The debate about form and content is ongoing and rightly so. For filmmakers every project requires us to understand the objectives of our work, gauge who the audience is, and reflect on the challenges this presents. Many choices are made in the process, none of which are apolitical. My last film, Miners Shot Down, has travelled widely, allowing me to see similar films to mine and hear the ongoing debates around the genre. This has led me to various conclusions.
The desire to hear and tell stories is a feature of all societies and it has been since time immemorial. Indeed, the right to tell stories in an unhindered, uncensored manner is considered by many as a fundamental human right. The question is: why do we need stories and which ones endure? Richard Francis Kuhns reminds us that “storytelling is not only entertainment, it is also thinking through human conflicts and contradictions”.

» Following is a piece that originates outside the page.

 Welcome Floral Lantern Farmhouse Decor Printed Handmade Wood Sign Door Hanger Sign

The term entertainment in film has become synonymous with light amusement, thanks to the dominance of Hollywood, and has even entered into our dictionaries as such. However, the acclaimed writer Graham Greene divided his output into two categories: novels and entertainments. The latter went far beyond amusement and sought out a form that was akin to thrillers with fast-moving plots but containing moral and political complexity that challenged the reader to think through a myriad ambiguities.

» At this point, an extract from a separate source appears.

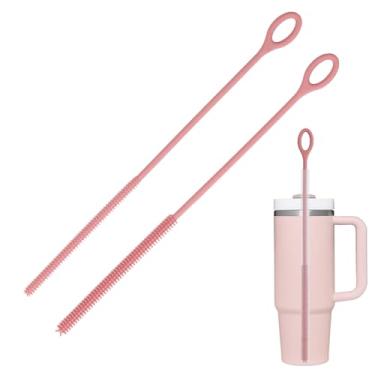 Imagem de Kimryde Escova de limpeza de palha de silicone, 2 peças de escova reutilizável extra longa para limpeza de copo com alça e canudos de smoothie de metal de vidro, alça antiderrapante macia e dobrável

This is where the best documentary film is often situated. It sits somewhere between classic film narrative, journalism and TV entertainment. Unfortunately, many so-called intellectuals are unable to wrap their heads around a form that is not easily categorised, and documentary therefore remains something outside the art world. It has not been thoroughly commodified, perhaps for the best, but the downside is that this often leaves serious documentarians in difficult economic circumstances.

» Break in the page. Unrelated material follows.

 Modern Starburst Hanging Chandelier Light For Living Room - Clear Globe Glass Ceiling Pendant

We should be concerned with entertaining people. In many ways our primary concern must be to keep our audience engaged. This is the very art of storytelling. We must reclaim the term entertainment from Hollywood, not to dull people’s senses but rather to sharpen them: this is the rationale of progressive art, even though the space for such work is gradually being eroded by TV channels in South Africa and generally across the world.
Entertainment is learning
It is now increasingly recognised that most people learn more from their interaction with a story than they do from a lecturer who sees learning as providing answers and people’s heads as empty vessels to be filled. We cannot give ground to the do-gooders, to liberals who believe context must be given primacy over story, because knowledge can only be owned by the individual when people arrive at their own conclusions: when people discover the truth for themselves.
The problem arises when some become so taken with Western enlightenment that they believe meaningful truth can only be garnered if the wider picture, context, is constantly in the frame. In film this is a recipe for boredom, the antithesis of entertainment. It is also the limitation of film and its core element, drama, which can only provide a slice of life, or a segment of actual life experience.
Film’s strength is being able to evoke an emotional reaction and, in doing so, open people to thinking differently, so that they ask themselves “what should I do?” or “what can I do?” I would contend that the majority of people can only be moved to action by being emotionally moved to do so. Film is not primarily about information or facts but rather about the production of images, points of view, sounds, in a manner that is able to create an emotional mood that opens audiences to the message/ truth the filmmaker seeks to relay. In this sense, it remains one of the highest art forms of the modern age.